Very Short Questions and Answers
1. List out any two incomes excluded from employment income.
Two incomes excluded from employment income are:
- Meals and refreshments are provided to all employees on equal ground.
- Reimbursement of petty expenses relating to tea expenses, stationeries, tips, prizes and emergency medical treatment of up to Rs 500.
2. State whether the following incomes are related to employment or profession.
a) The amount earned by a government employee from private tuition
b) Amount earned from another university from setting a question paper.

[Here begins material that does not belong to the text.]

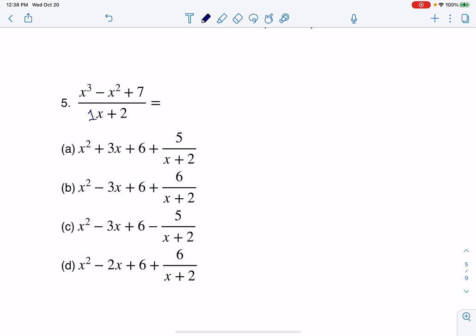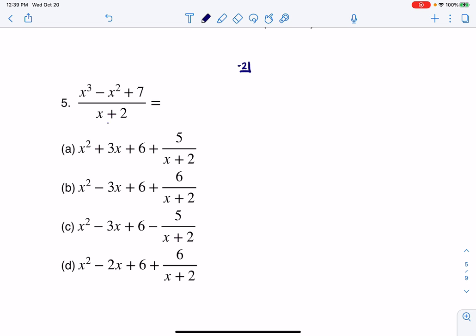Anytime I've got a binomial with a lead coefficient of 1, I don't even have to do any initial algebra. I can just go right into synthetic division. So I'm going to put negative 2 here because that's what would zero out my denominator. If x plus 2 is a factor, then negative 2 would be a zero. And let me put the coefficients of my numerator here.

c) Payment received from the third party on behalf of the employer.
d) Amount received from past employment.
Answers:
a) Profession
b) Profession
c) Employment
d) Employment
3. Describe in brief the situation of master-servant relationships in profession and employment.
In employment, the master i.e. employer can order his servant i.e. employee how it should be done while in the profession the master can require only what is to be done.
4. Point out any two differences between business and employment:
The two differences between business and employment are:
- Qualification and training as prescribed by the employer are essential for an employee. But such a thing may not be essential for business.
- In business, the returns (i.e. profit) may be uncertain and irregular while in employment the returns (i.e. salary and allowances) are certain and regular.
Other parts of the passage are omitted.